* _Stored items from a collection_
+ + + + + + +
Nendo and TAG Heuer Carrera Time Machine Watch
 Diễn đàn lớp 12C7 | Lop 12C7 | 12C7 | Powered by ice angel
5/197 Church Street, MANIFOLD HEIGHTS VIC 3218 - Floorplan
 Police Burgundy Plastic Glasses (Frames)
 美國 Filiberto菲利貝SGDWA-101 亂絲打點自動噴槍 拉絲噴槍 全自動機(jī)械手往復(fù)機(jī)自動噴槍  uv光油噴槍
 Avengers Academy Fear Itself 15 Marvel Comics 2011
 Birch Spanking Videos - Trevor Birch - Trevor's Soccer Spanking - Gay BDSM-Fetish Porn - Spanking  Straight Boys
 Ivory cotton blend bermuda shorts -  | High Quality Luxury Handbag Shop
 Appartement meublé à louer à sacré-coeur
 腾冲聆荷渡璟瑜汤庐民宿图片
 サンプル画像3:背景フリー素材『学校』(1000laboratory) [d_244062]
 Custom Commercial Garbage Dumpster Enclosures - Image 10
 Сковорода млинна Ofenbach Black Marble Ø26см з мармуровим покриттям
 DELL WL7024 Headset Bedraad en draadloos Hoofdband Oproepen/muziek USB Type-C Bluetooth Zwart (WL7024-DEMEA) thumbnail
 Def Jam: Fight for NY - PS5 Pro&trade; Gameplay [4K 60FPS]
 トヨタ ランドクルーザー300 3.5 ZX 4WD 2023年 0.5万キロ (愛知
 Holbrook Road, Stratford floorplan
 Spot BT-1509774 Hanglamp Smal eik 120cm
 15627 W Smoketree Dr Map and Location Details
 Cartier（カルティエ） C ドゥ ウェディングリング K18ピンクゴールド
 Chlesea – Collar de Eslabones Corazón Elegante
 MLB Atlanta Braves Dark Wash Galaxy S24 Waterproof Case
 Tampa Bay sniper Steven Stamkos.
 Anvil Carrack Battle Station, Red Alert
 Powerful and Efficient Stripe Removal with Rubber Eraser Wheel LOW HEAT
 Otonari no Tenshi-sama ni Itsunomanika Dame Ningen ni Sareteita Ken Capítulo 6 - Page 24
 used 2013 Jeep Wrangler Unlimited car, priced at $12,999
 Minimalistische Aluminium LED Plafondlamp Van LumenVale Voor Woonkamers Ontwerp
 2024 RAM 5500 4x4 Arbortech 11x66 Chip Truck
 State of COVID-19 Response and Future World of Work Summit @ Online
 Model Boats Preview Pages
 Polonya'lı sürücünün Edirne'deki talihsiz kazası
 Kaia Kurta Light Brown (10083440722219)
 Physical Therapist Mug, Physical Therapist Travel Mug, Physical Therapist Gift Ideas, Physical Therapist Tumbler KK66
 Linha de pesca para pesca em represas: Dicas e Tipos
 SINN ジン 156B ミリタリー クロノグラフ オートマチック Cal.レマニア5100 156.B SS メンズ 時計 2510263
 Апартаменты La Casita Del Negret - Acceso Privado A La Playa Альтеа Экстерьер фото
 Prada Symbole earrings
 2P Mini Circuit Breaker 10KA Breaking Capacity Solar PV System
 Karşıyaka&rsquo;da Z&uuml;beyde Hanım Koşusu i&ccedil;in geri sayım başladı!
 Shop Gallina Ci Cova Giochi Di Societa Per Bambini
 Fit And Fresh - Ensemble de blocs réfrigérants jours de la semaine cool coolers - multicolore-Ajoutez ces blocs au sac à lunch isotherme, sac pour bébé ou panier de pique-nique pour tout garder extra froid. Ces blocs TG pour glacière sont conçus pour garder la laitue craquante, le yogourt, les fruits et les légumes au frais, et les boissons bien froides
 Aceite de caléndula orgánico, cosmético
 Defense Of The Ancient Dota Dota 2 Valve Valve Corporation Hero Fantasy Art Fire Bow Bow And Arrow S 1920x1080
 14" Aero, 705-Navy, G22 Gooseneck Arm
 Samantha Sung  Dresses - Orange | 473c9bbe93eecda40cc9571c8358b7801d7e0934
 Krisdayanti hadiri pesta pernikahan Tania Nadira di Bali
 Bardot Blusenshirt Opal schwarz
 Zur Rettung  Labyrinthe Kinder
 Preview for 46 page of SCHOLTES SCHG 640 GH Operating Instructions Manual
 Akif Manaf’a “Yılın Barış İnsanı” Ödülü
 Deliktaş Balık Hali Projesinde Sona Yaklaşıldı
+ + + + + + +
* _The task_
Give back the line containing "G22 Gooseneck Arm" and all the lines after it through the end of the records, unchanged.

* _Answer to this exercise_
 14" Aero, 705-Navy, G22 Gooseneck Arm
 Samantha Sung  Dresses - Orange | 473c9bbe93eecda40cc9571c8358b7801d7e0934
 Krisdayanti hadiri pesta pernikahan Tania Nadira di Bali
 Bardot Blusenshirt Opal schwarz
 Zur Rettung  Labyrinthe Kinder
 Preview for 46 page of SCHOLTES SCHG 640 GH Operating Instructions Manual
 Akif Manaf’a “Yılın Barış İnsanı” Ödülü
 Deliktaş Balık Hali Projesinde Sona Yaklaşıldı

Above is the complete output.